> Task inputs:

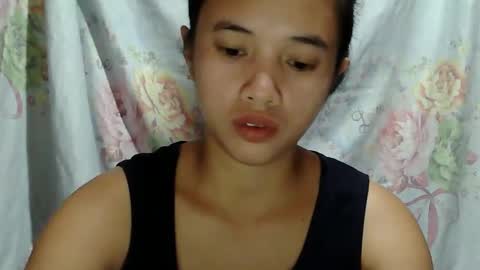 Snapshot of sophie_193 chatting on 03-23-26, 07:07 sophie_193 online show from 03-23-26, 07:07
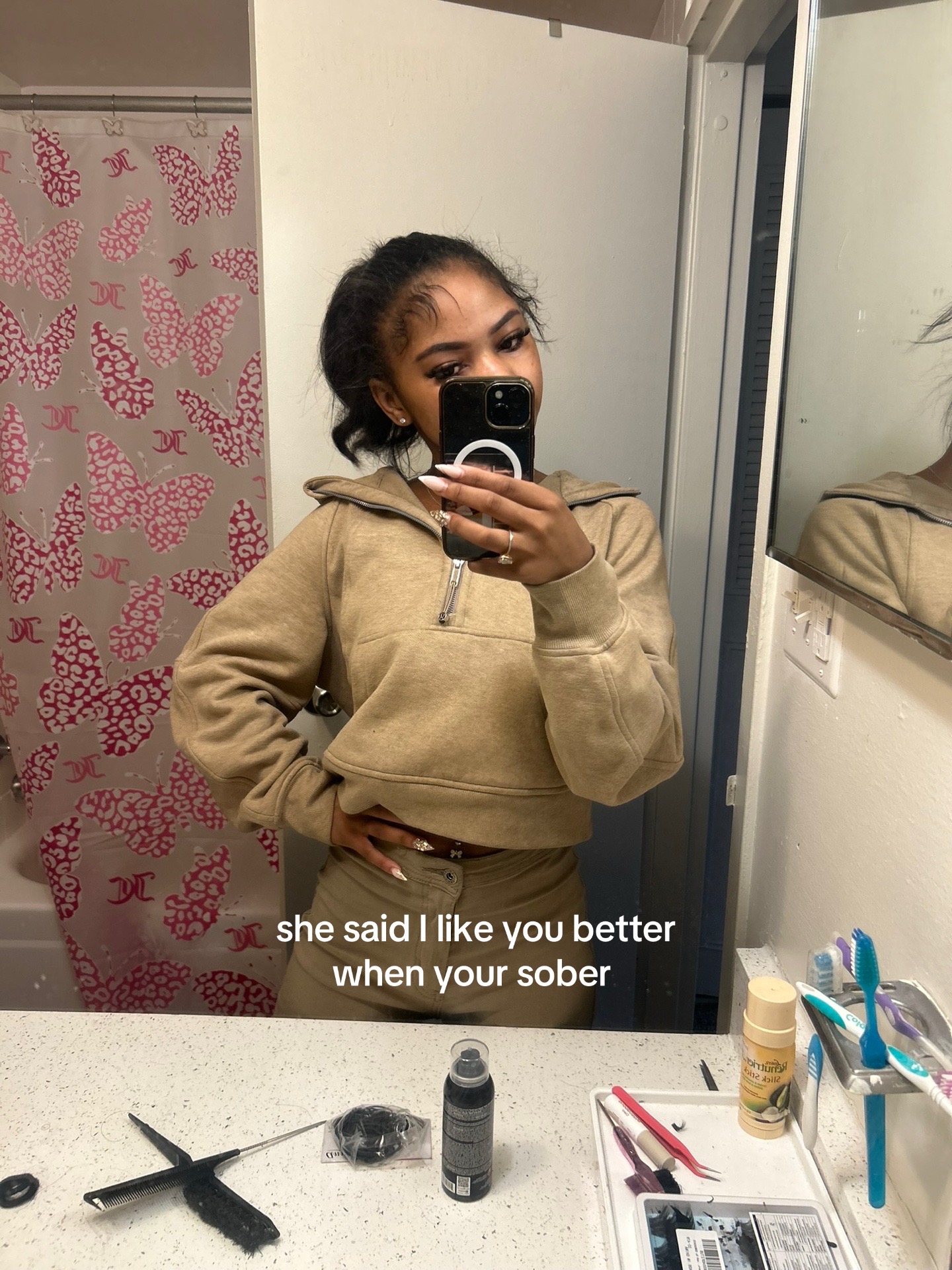 @sexymysteriousgirl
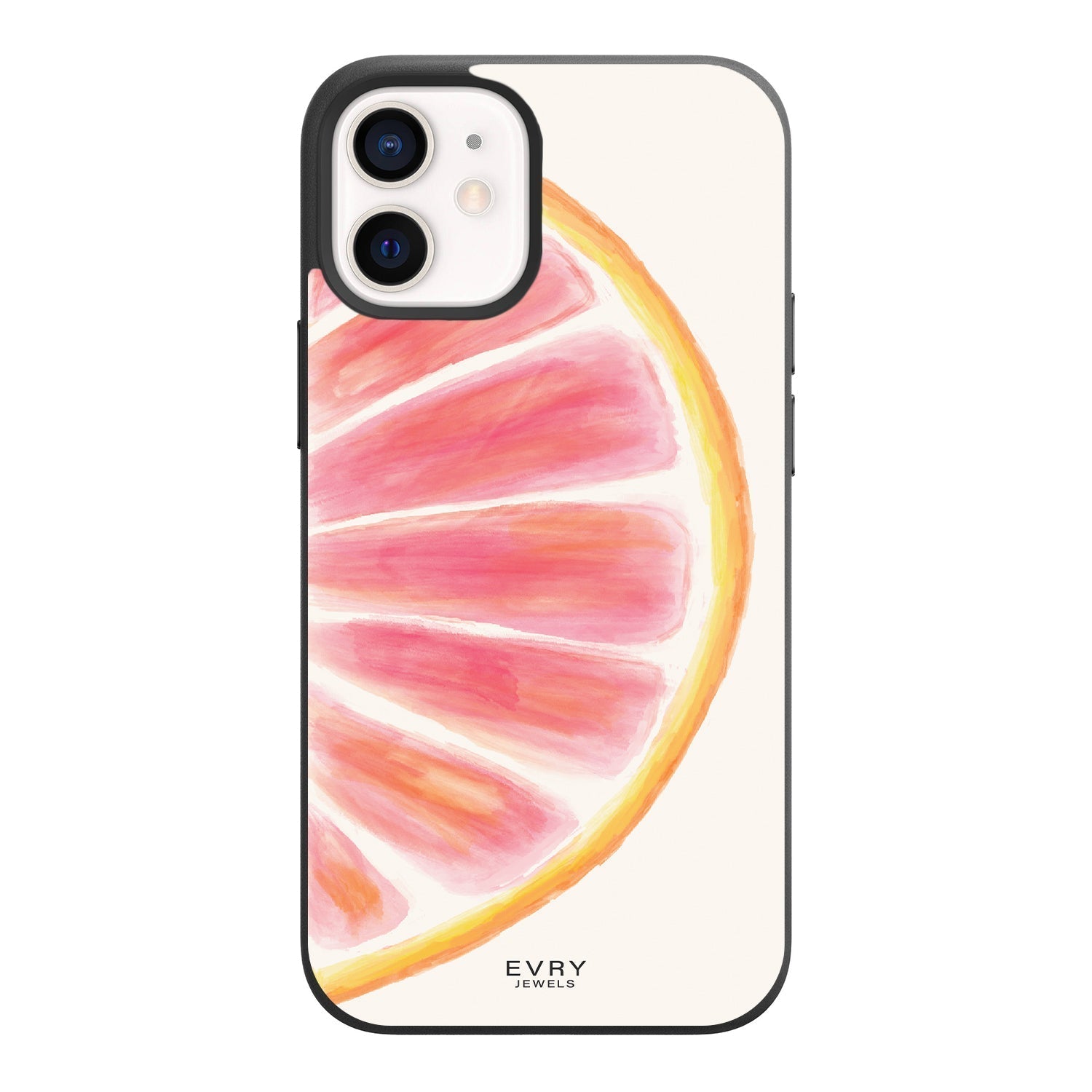 Juicy Phone Case Phone Case
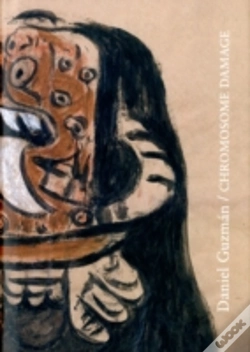 Capa do artigo Chromosome Damage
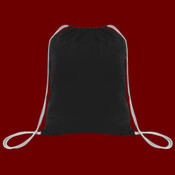 Economical Sport Pack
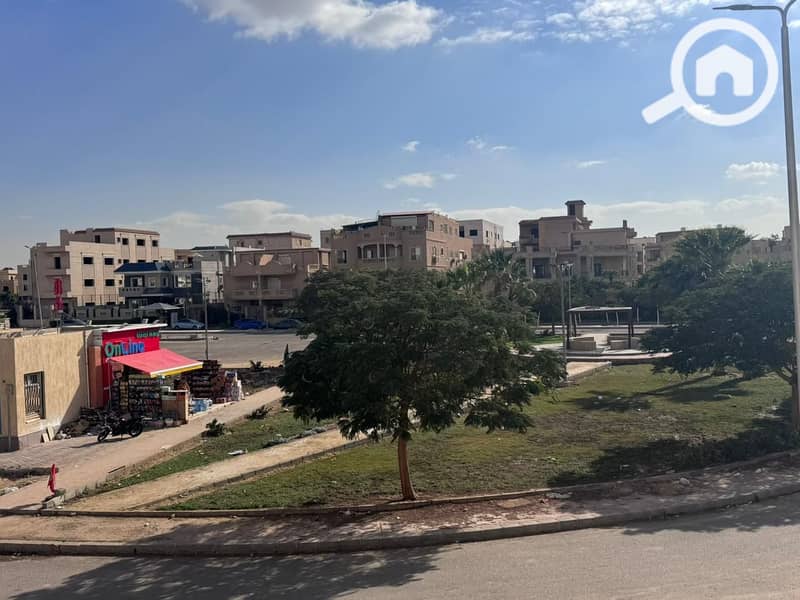 4 IMG-20251230-WA0002. jpg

> What is required: Without including any pictures, print each record exactly.

> Output:
 Snapshot of sophie_193 chatting on 03-23-26, 07:07 sophie_193 online show from 03-23-26, 07:07
 @sexymysteriousgirl
 Juicy Phone Case Phone Case
 Capa do artigo Chromosome Damage
 Economical Sport Pack
 4 IMG-20251230-WA0002. jpg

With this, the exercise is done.